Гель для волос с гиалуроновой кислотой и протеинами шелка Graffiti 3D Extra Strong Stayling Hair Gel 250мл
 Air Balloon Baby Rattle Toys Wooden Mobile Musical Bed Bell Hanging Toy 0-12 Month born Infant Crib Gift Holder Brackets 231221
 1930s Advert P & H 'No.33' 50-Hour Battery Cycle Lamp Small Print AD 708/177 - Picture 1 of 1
◇ ◇ ◇ ◇ ◇
◆ Task details: Copy out all of the data. Keep every word unchanged.

◆ Exercise output:
Гель для волос с гиалуроновой кислотой и протеинами шелка Graffiti 3D Extra Strong Stayling Hair Gel 250мл
 Air Balloon Baby Rattle Toys Wooden Mobile Musical Bed Bell Hanging Toy 0-12 Month born Infant Crib Gift Holder Brackets 231221
 1930s Advert P & H 'No.33' 50-Hour Battery Cycle Lamp Small Print AD 708/177 - Picture 1 of 1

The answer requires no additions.